* Task: Repeat each line of the material below exactly as it appears, minus any pictures.

* Information shown:
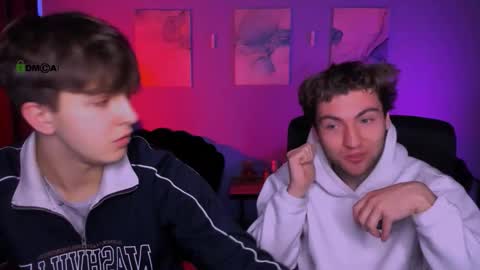 Snapshot of travis_wolf_ chatting on February 8, 9:45 am Travis online show from February 8, 9:45 am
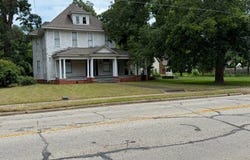 906 E Houston Avenue, Crockett, TX 75835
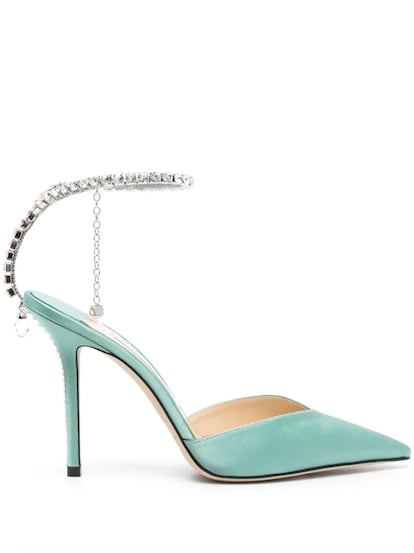 Esta temporada, Jimmy Choo colorea en verde agua sus icónicos salones ‘Saeda’, que reconocerás por su pulsera de ‘strass’. En Farfetch, 925 €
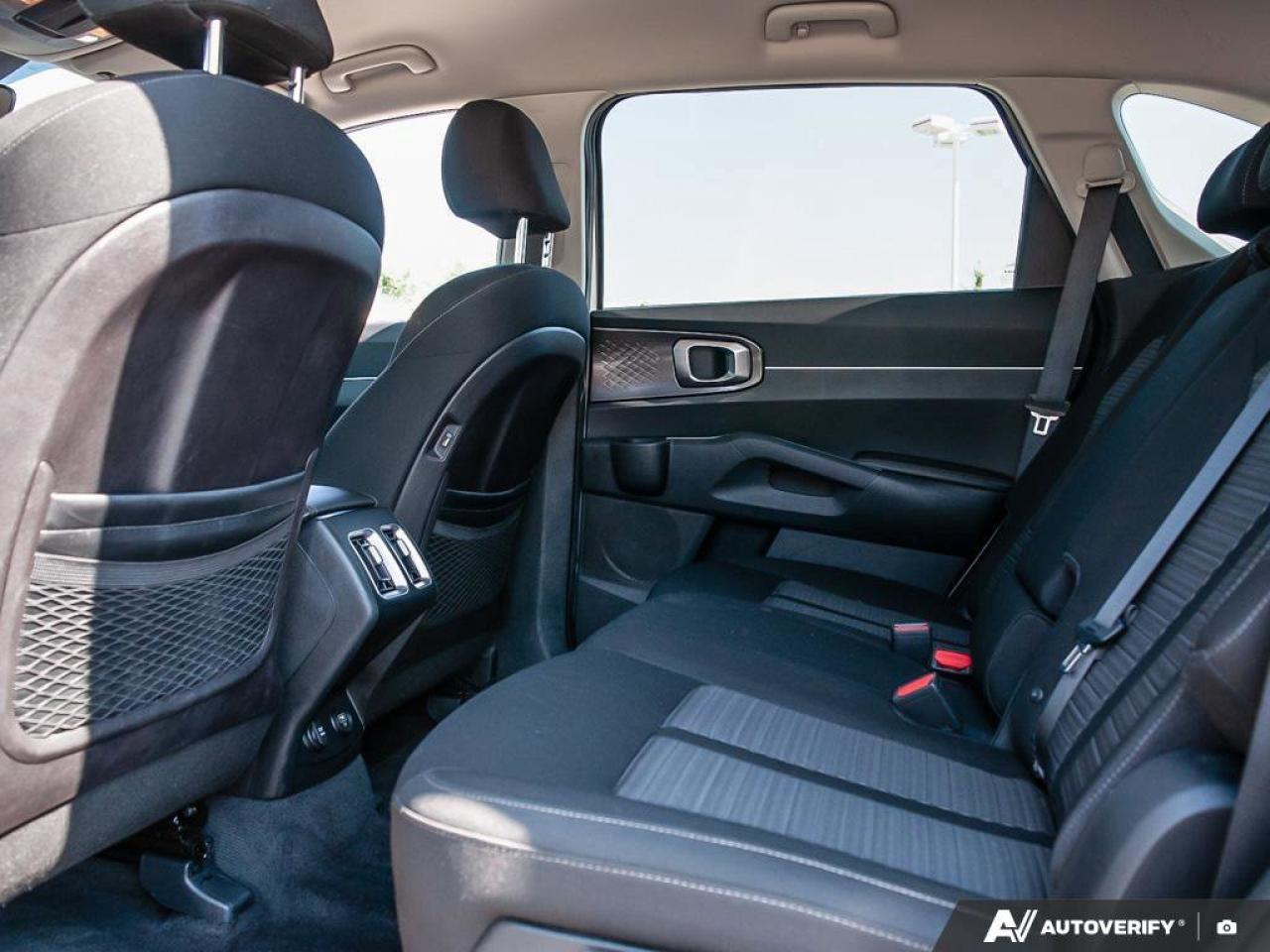 2022 Kia Sorento LX PREM   Heated Seats   Apple CarPlay   Backup Ca Photo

* Task output:
 Snapshot of travis_wolf_ chatting on February 8, 9:45 am Travis online show from February 8, 9:45 am
 906 E Houston Avenue, Crockett, TX 75835
 Esta temporada, Jimmy Choo colorea en verde agua sus icónicos salones ‘Saeda’, que reconocerás por su pulsera de ‘strass’. En Farfetch, 925 €
 2022 Kia Sorento LX PREM   Heated Seats   Apple CarPlay   Backup Ca Photo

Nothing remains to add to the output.